Radix Ipsium: il terzo dono di Astrial

Un dono  di Astrial, l'unico in grado di poter fare questo. Si radica in se stesso, nasce spontaneo, vive e su nulla si sostenta se non della forza che trova, dell'attaccamento alla vita, dell'energia degli esseri che lo respirano. Torna, mio caro compagno di viaggio, l'Albero Ermetico dell'Esistenza, che ritrova la foga di rinascere prioprio al Palazzo delle Stagioni, proprio qui, quando il dolore della morte sembrava aver oscurato per sempre questo cielo.

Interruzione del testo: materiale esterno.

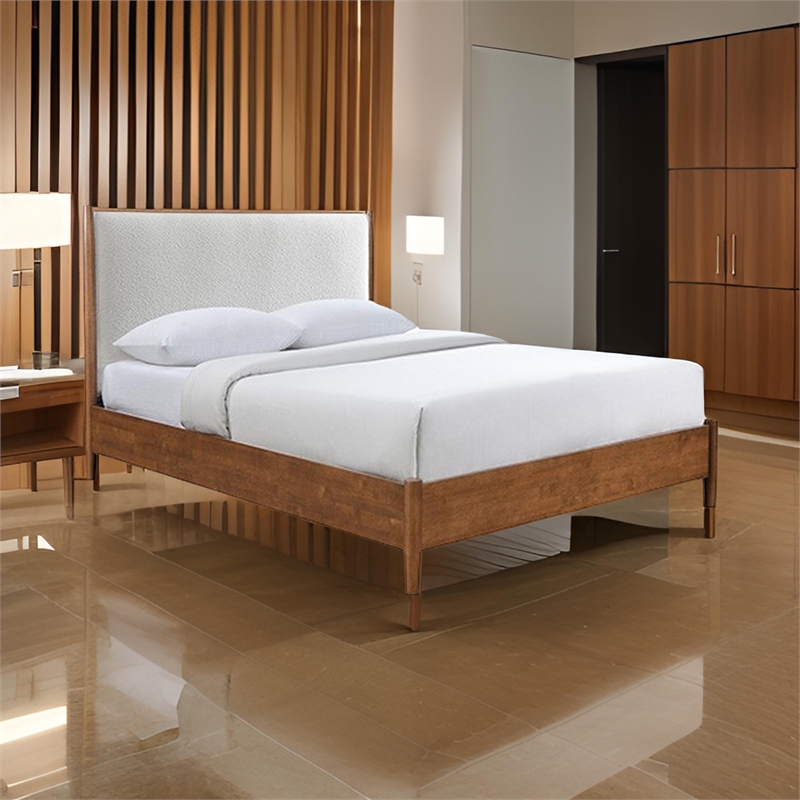 Carry Queen Bed- Beige Boucle Upholstered Headboard Walnut Brown Solid Wood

Torna la neve rimasta immobile nelle non parole, nei non pensieri per troppo tempo. Torna la neve, il ghiaccio, la speranza. Rinasce l'albero alla vita, felix, gioioso, radicato nella sua sola stessa natura. Si sviluppò un tempo su sutte le terre del Regno dai perduti Giardini Officinali, che l'Oscuro Guardiano proteggeva e manuteneva. Oggi Astrial ci dona la sua potenza, ci dona la sua forza, ci fa capire che dalla cenere, dalla morte, da quello che sembra nulla,  la vita torna sempre.